Drawdowns – Omen or Opportunity?

Originally published in the Brandywine Asset Management Monthly Report.

Over the past three months, Brandywine’s Symphony Program suffered its largest drawdown, -11.36%, since the start of trading in July 2011. Drawdowns are a natural part of trading and Brandywine’s Symphony Program is no exception. But for most investors, they provoke discomfort and prompt a series of questions. We know this because over our decades of trading (and yes, prior drawdowns), we have fielded a number of questions, as well as asked a number of them ourselves. In this report we’ll present some of those questions and discuss the current drawdown, as well as future expectations, in the form of a Q&A.

What caused the loss over the past three months?
Brandywine’s Symphony Program incorporates a variety of trading strategies, each based on a sound, logical return driver designed to produce a positive return over time. And since inception these trading strategies, in the aggregate, have been solidly profitable. But during the current drawdown period, September through November, a disproportionate number of those strategies incurred losses while very few produced sizable gains. Specifically, a majority of the losses were caused by fundamentally-based strategies and those we describe as directional arbitrage or that employ intermarket relationships. In our due diligence questionnaire we prepared three years ago, we identified rapid downtrends in markets as being the worst environment for those strategies. With crude oil dropping more than 40% in an uninterrupted downtrend (and 10% alone on the last day of November), and other commodities such as silver, cotton and currencies [such as the Australian dollar] mired in 10% to 30% drawdowns, those strategies hit their “perfect storm” over the past few months.

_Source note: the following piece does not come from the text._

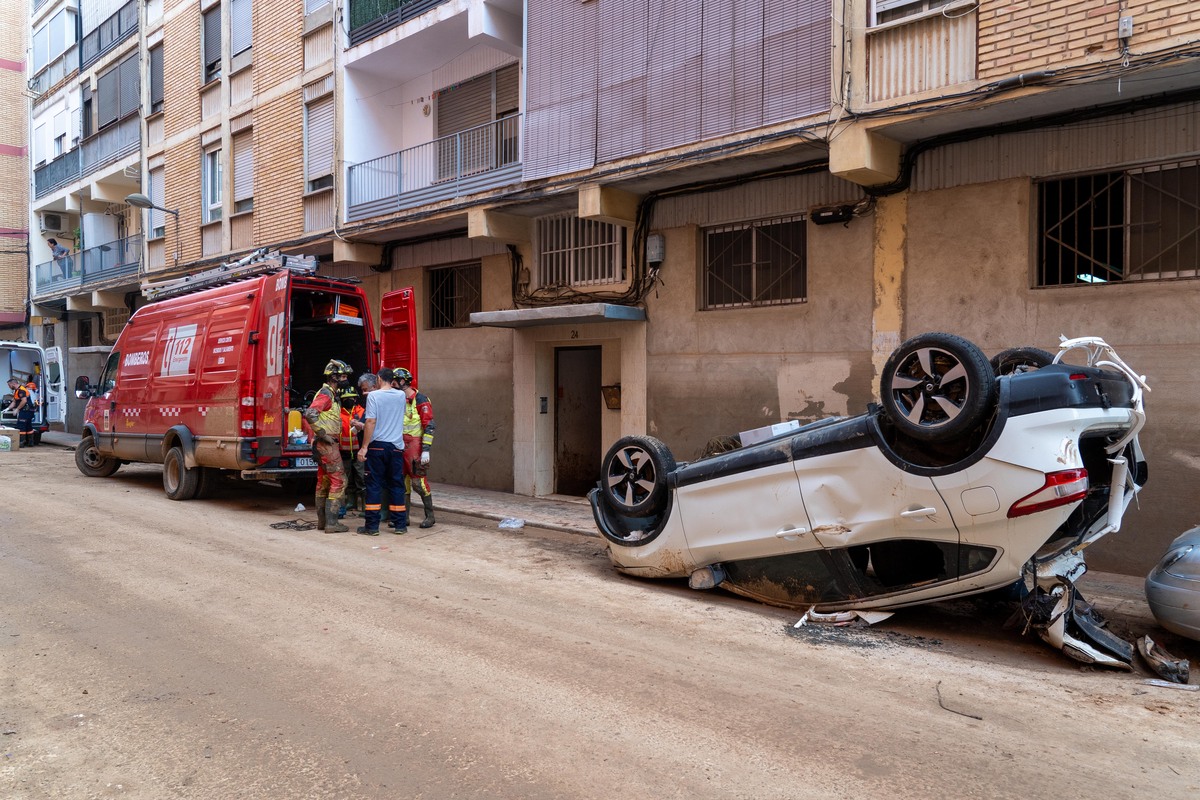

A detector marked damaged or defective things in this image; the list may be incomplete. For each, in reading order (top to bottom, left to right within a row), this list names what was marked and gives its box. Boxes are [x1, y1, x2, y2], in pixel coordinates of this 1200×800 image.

damaged car [592, 332, 1152, 668]
overturned white car [592, 332, 1152, 668]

Other futures traders had some of their best performance in years, why didn’t Brandywine?
Since the inception of Brandywine’s Symphony Program in 2011 we have consistently stressed that Brandywine’s unique approach to research and trading would produce returns that were non-correlated to all other investment indexes and investment managers, including CTAs. This non-correlation was exhibited in full force in November and over the past three months. After lagging Brandywine’s performance for the three years leading up to the start of our drawdown in September, the BTOP 50 and Newedge CTA indexes each rallied approximately 8%. Despite the strong performance differential, Brandywine has still outperformed those indexes since inception. Even better, because of Brandywine’s non-correlation to those indexes, adding Brandywine to a portfolio that contains CTAs results in both increased returns and reduced risk (yes, even measuring Brandywine’s performance from the low point of the current drawdown).

What are your expectations going forward?
When Brandywine suffered a drawdown in mid-2013, we stressed in our monthly report our belief that it was an excellent time to consider investing or adding to an investment with Brandywine. That belief turned out to be prescient. In the 12 months following the Brandywine Symphony Program’s drawdown in 2013, the Program produced a solid positive return of +15.83% and the aggressively-trade Brandywine Symphony Preferred gained a substantial +65.33%.

While prudence and regulations require us to state that PAST PERFORMANCE IS NOT INDICATIVE OF FUTURE PERFORMANCE, history leads us to expect similar strong returns going forward today. This expectation is based on our historical testing and actual trading performance. In fact, in the 12 instances (both tested and actual) where Brandywine’s Symphony Program fell by more than 8% (on a gross, end-of-day basis), the following 12 month return has averaged more than 18%. Of course, Brandywine Symphony Preferred, trading at three times standard risk, would produce substantially greater returns; although as we must also state THERE IS THE RISK OF LOSS AS WELL AS THE OPPORTUNITY FOR GAIN WHEN INVESTING WITH BRANDYWINE.